1
votes

I'm trying to compile my first linux ARM hello world program and when I copy and run the binary to my target linux board (linuxstamp Atmel arm 9g20) I get "Illegal instruction"

I am running arm-elf-gcc-4.6 on OS X from macports. I am using Eclipse for and IDE. It looks like the build is more for a stand alone non OS program rather then code to run in linux user space. Could someone point me in the right direction?
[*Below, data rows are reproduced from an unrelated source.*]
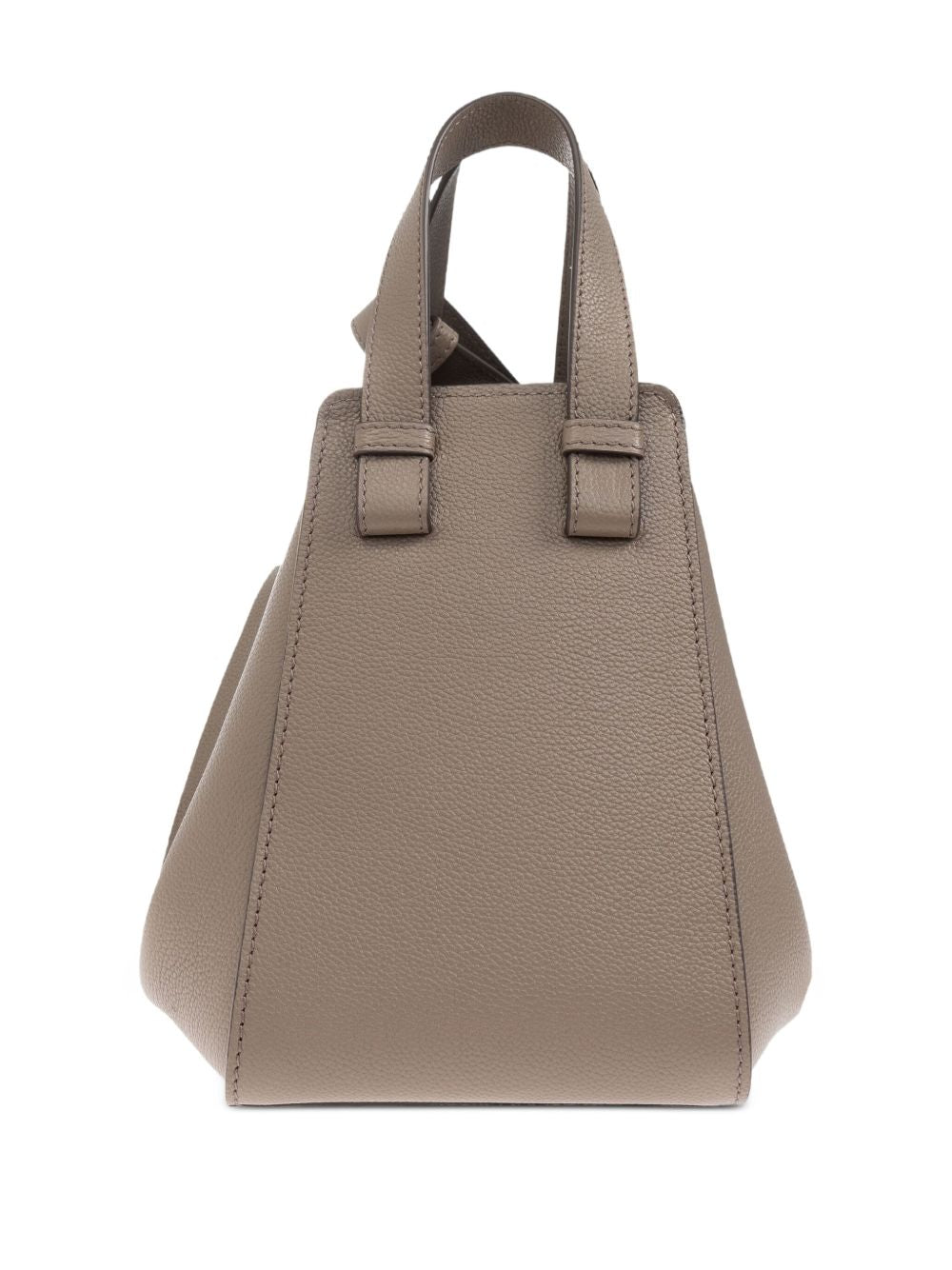 Loewe Women Hammock Compact Leather Handbag LOEWE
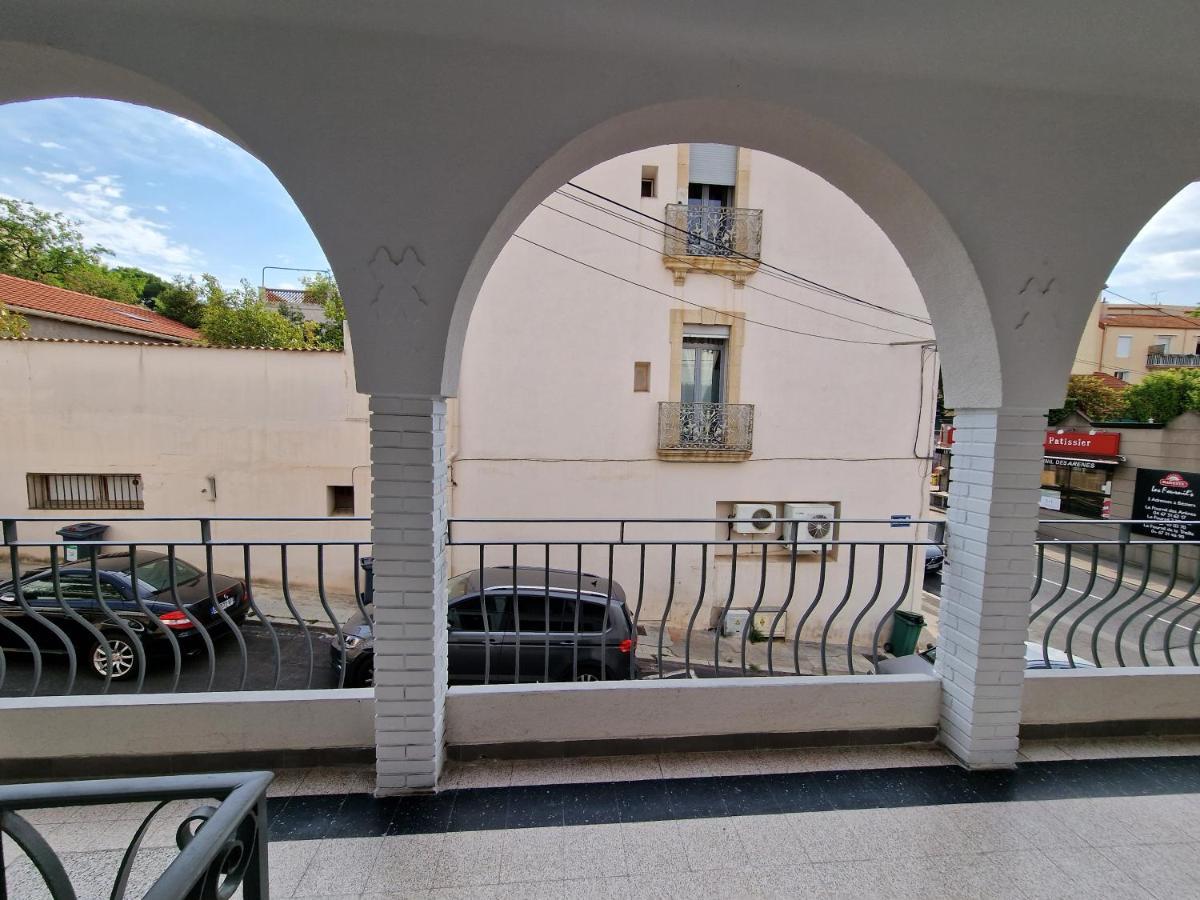 Maison Ping ,En Face Des Arenes Beziers Bagian luar foto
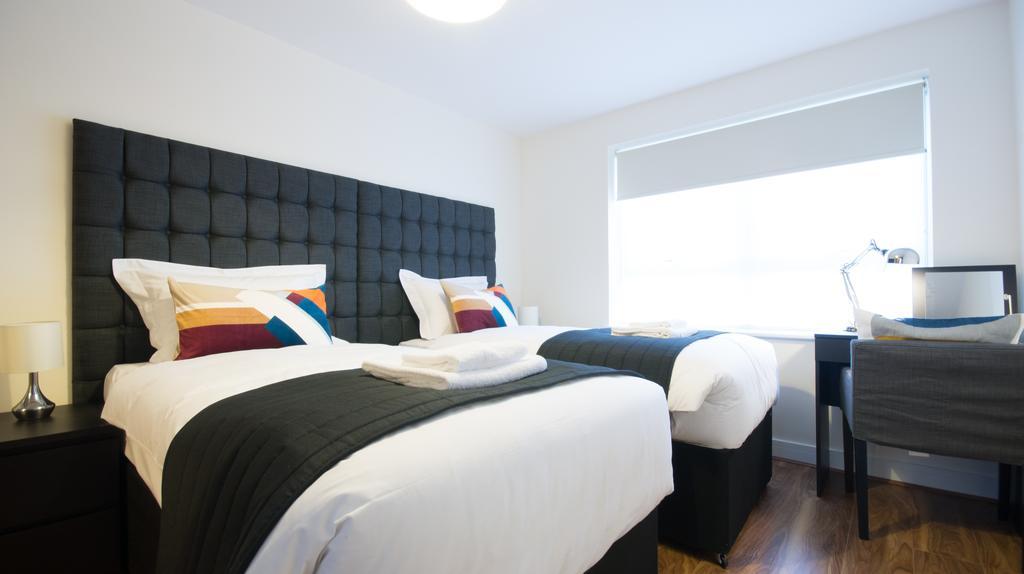 Arnos Apartments Finchley Phòng bức ảnh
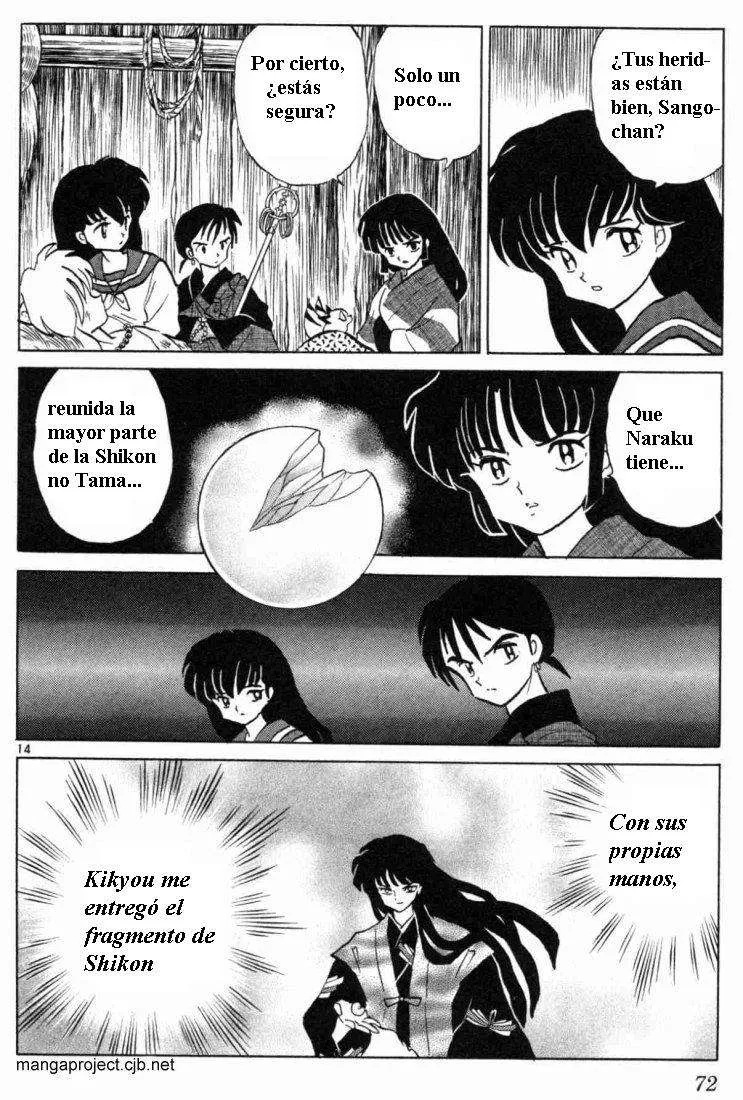 Inuyasha Capítulo 152 en Línea - página 14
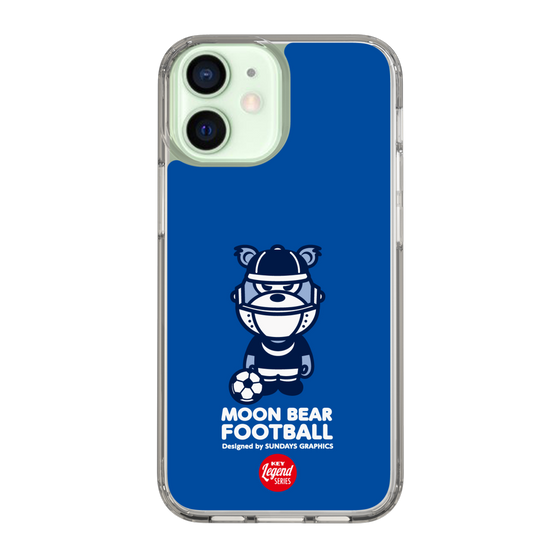 スリムプロテクションケース［ KEY LEGEND - MOON BEAR FOOTBALL ］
Thanks.

code:

#include<stdio.h>

int main(){
    printf("hello world\n");
    return 0;
}

Build of configuration Release for project ArmTest **

make all Building target: ArmTest.elf Invoking: ARM Mac OS X GCC C Linker /opt/local/bin/arm-elf-gcc-4.6 -nostartfiles -Wl,-Map,ArmTest.map -mcpu=arm920 -mthumb -o"ArmTest.elf" ./main.o
/opt/local/lib/gcc/arm-elf/4.6.0/../../../../arm-elf/bin/ld: warning: cannot find entry symbol _start; defaulting to 0000000000008000 Finished building target: ArmTest.elf

Invoking: ARM Mac OS X GNU Create Flash Image /opt/local/bin/arm-elf-objcopy -O binary ArmTest.elf "ArmTest.hex" Finished building: ArmTest.hex

Invoking: ARM Mac OS X GNU Create Listing /opt/local/bin/arm-elf-objdump -h -S ArmTest.elf >"ArmTest.lst" Finished building: ArmTest.lst

Invoking: ARM Mac OS X GNU Print Size /opt/local/bin/arm-elf-size --format=berkeley ArmTest.elf text data bss dec hex filename 8112 2104 232 10448 28d0 ArmTest.elf Finished building: ArmTest.siz

1

1 Answers

0
votes

I am running arm-elf-gcc-4.6 on OS X from macports [...] It looks like the build is more for a stand alone non OS program rather then code to run in linux user space.

Indeed, this is for embedded ARM devices without Linux OS. The Linux variant of gcc as cross compiler for ARM should have "linux" somewhere in its name like "arm-linux-gcc".